The PS form †sъto had the hard yer ъ on the place of a nasal sonant (as the result of irregular development due to frequency). The Slavic form †sъto < *suto < *sumto can be derived from *ḱomto-, while the Baltic form represents IE *ḱemto- (under the influence of ‘10’?). It was probably a substantive with the meaning ‘a hundred’, which had originated from ‘hands’, ‘many hands’, so what there are fingers in many hands altogether. A direct connection with ‘10’ is less probable: *ḱm̥to- < *dḱm̥to-. Having examined the development of this numeral in various languages we were able to divide all IE languages into two groups: kentum (centum) and satəm. In the first group the soft *ḱ hardened and mixed with *k, in the second one *ḱ developed into an affricate, and finally often into a fricative. The Slavic (satəm) †sъto, Lith. šim̃tas, Alb. nji-qind, Skr. śatam or Av. satəm correspond to Gr. he-katón, Lat. centum (pronounced kentum in the classic language), OIr. cét (pronounced két), Goth. hund. The initial elements like Alb. nji- or Gr. he- should be compared to Eng. a hundred ‘one hundred’ (instead of just hundred).
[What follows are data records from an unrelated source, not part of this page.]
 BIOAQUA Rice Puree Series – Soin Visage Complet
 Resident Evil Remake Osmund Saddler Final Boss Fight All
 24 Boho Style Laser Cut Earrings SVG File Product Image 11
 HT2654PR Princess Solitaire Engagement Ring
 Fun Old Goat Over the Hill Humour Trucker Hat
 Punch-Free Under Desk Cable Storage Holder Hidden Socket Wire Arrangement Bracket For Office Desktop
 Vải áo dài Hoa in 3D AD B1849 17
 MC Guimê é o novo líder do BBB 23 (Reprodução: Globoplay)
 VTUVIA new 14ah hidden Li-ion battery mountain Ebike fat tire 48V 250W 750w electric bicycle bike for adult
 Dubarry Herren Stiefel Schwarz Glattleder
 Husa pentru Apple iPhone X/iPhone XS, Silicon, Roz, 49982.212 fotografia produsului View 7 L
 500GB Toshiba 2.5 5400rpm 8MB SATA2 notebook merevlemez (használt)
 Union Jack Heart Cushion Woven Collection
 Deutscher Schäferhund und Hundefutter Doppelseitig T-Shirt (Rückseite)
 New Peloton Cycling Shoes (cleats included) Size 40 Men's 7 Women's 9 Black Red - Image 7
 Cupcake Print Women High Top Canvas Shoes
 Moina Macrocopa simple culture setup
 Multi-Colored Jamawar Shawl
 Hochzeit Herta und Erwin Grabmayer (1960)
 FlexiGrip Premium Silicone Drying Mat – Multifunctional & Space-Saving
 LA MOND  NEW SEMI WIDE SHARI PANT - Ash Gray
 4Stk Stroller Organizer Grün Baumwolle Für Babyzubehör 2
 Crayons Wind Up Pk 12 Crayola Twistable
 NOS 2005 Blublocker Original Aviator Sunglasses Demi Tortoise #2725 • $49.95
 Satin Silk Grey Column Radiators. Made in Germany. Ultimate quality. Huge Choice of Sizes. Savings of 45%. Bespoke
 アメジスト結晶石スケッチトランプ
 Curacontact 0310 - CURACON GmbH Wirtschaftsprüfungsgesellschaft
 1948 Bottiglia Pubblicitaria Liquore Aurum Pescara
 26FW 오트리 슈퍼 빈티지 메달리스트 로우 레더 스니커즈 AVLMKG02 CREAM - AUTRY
Arm. hariwr, now haryur, is unclear.

Tysiąc (1000)

The etymology of this word is not explained completely. Yet as early as for the CSl. epoch we must suppose the existing of at least two forms: †tysǫštjь and †tysęštjь. The Polish word represents the second one. Gmc, Baltic and Slavic forms are based on the stem *tū- ‘strong, powerful’, cf. Pol. tyć ‘to grow stouter, fat’, tuczyć ‘to fatten’, Lith. tùkti ‘to fatten’, Skr. tavas ‘strength’. The most probable reconstruction is *tūs-dḱm̥t-i-, with the meaning ‘a powerful hundred’, cf. Pruss. tūsimtons (acc.pl.), Lith. tū́kstantis, Latv. tũkstuotis, Goth. þūshundī. The strange contrast Gmc. -s- : Slavic -s- (original -s- after had to develop into †-x-) and Lith. -kst- can be explained as results of regular development of the rare consonantal cluster *tḱ. According to another hypothesis PG *þūs-xundi and PIE *tū-s-ḱm̥t-i- are reconstructed but such a suggestion does not explain Baltic forms. Moreover *sk should not have changed in Proto-Germanic, so this view is likely false.


The view, presented in the literature, that the IE language did not know the idea of ‘1000’, is wrong. However, not only one of words with such a meaning has preserved (compare ‘1’ or ‘4’). The forms which are present in other languages represent the form based on the stem *ǵhesl-: Skr. sahasra-, Av. hazaŋra, Arm. (from Pers.) hazar < *se-ǵhesl-o- (*se- had the meaning ‘one’, cf. Gr. he-katon), Gr. khīlioi < *ǵhesl-i-o- (cf. dial. khellioi), Lat. mīlle < *smī-ǵhsl-i (cf. *smī and Gr. mia < †smia < *smijə < *smiH ‘one (feminine)’).


In Toch. yet another word was in use: wälts < *weldhom ‘large number’.

Dziesięć tysięcy (10 000)

A simple word exists for this number in certain languages. Such forms as Arm. bewr or biwr, Gr. myriás belong here.